FedML Cross-Silo Horizontal Loading all datasets to all clientes

From what I can see, on every example for cross-silo FL, the datasets of all clients are loaded into memory. For example here.

It would be nice to add a way for clients to load their individual datasets as it would probably needed in production.

Oct 04 '22 18:10 rAlexandre00

@rAlexandre00 for production, you still use the same dataset structure by only setting the specific client_index's value in each dictionary. For example, rank 1 loads train_data_dict[1] = rank_1_data_set; rank 2 loads train_data_dict[2] = rank_2_data_set. We prefer this design because it's compatible to both simulation in a GPU cluster and real distributed training on data silos.

Oct 06 '22 23:10 chaoyanghe

The FedMLRunner argument "dataset" contains data like "train_data_num" which needs the whole dataset to be calculated. An appropriate example that shows which data of the dataset is needed would be helpful. Or at least some documentation.

Oct 07 '22 20:10 rAlexandre00

It looks like the aggregator just assumes that every client's data is every client. When I did what you suggested (only setting the specific client_index's value in each dictionary), the following error happened on the client: File "/home/x/FedML/python/fedml/cross_silo/client/fedml_trainer.py", line 49, in update_dataset self.train_local = self.train_data_local_dict[client_index] KeyError: 993

This indicates that the server asked this client (which has rank 1) to use data from client 993. From what I can from the code the server just assigns each silo a random clients to train on.

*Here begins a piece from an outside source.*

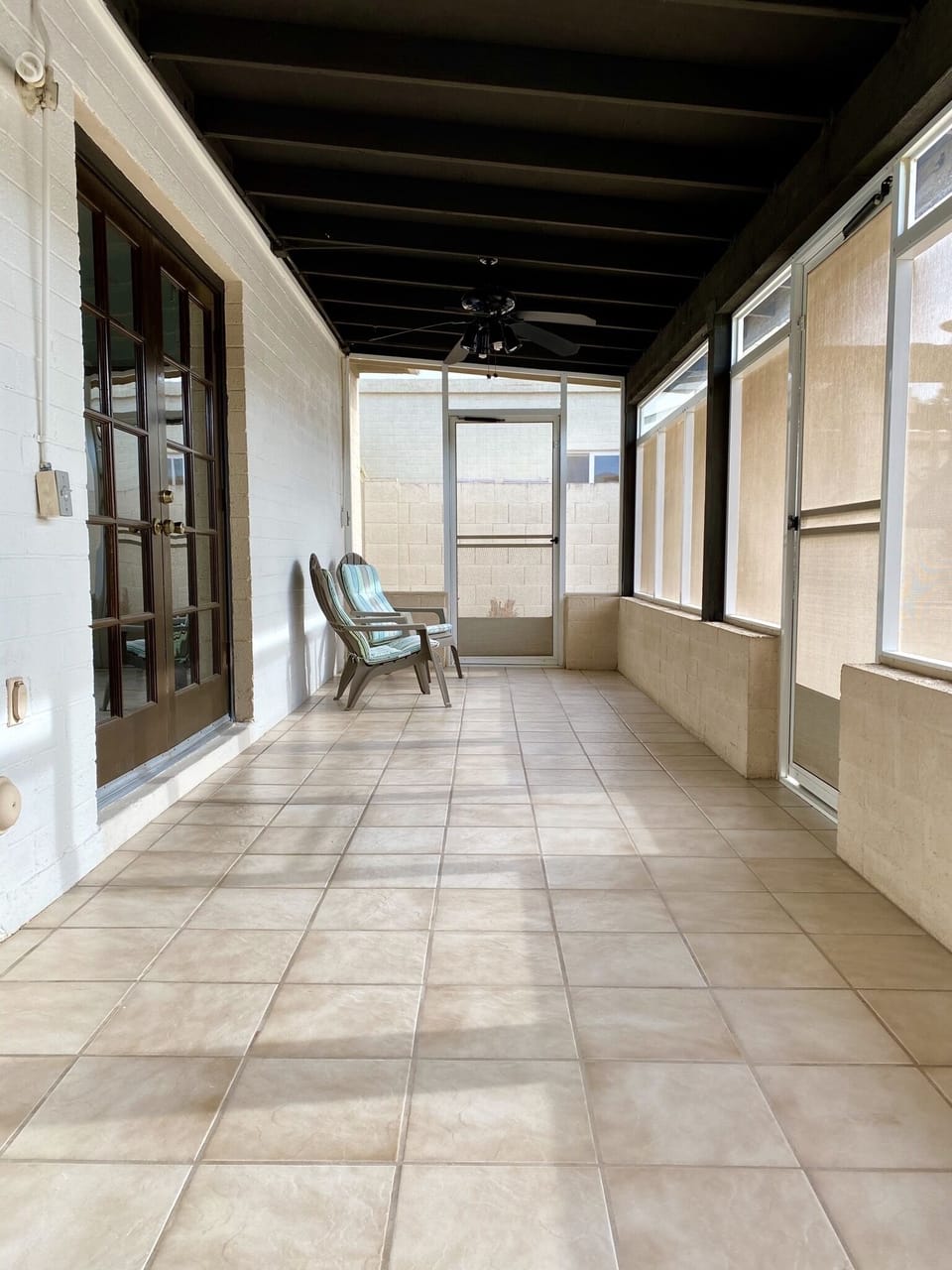 Arizona room - enclosed patio which looks towards the pool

Oct 08 '22 00:10 rAlexandre00

It looks like the aggregator just assumes that every client's data is every client. When I did what you suggested (only setting the specific client_index's value in each dictionary), the following error happened on the client: File "/home/x/FedML/python/fedml/cross_silo/client/fedml_trainer.py", line 49, in update_dataset self.train_local = self.train_data_local_dict[client_index] KeyError: 993

This indicates that the server asked this client (which has rank 1) to use data from client 993. From what I can from the code the server just assigns each silo a random clients to train on.

I am confused by your intention. If your goal is to simulate thousands of users, please set all key-value for the dataset dictionary, then FedML engine will help you to switch/sample clients per round in a fixed number of workers. If your goal is to run in a real-world setting, each FL client/worker should only hold a single data silo (the question you asked).

The error means you enable sampling (e.g., sample 10 clients per round from 1000 clients based on only 10 client data), but you don't provide these clients' datasets in the "dataset" argument of FedMLRunner.

Oct 10 '22 04:10 chaoyanghe

Sorry, probably I did not explain my problem well enough. My goal is to run in a real-world setting where, as you said, each FL client/worker will only hold a single data silo. I undestand that my problem is that I have sampling enabled. I am currently following this example. Do you have any example where it is disabled?

Oct 10 '22 13:10 rAlexandre00

@rAlexandre00 Hi for production, if you want to do training on 10 clients with 10 isolated devices, you can set this two arguments in "fedml_config.yaml" the same as:

client_num_in_total: 10 client_num_per_round: 10

when client_num_per_round < client_num_in_total, the client sampling is enabled.

Nov 07 '22 18:11 chaoyanghe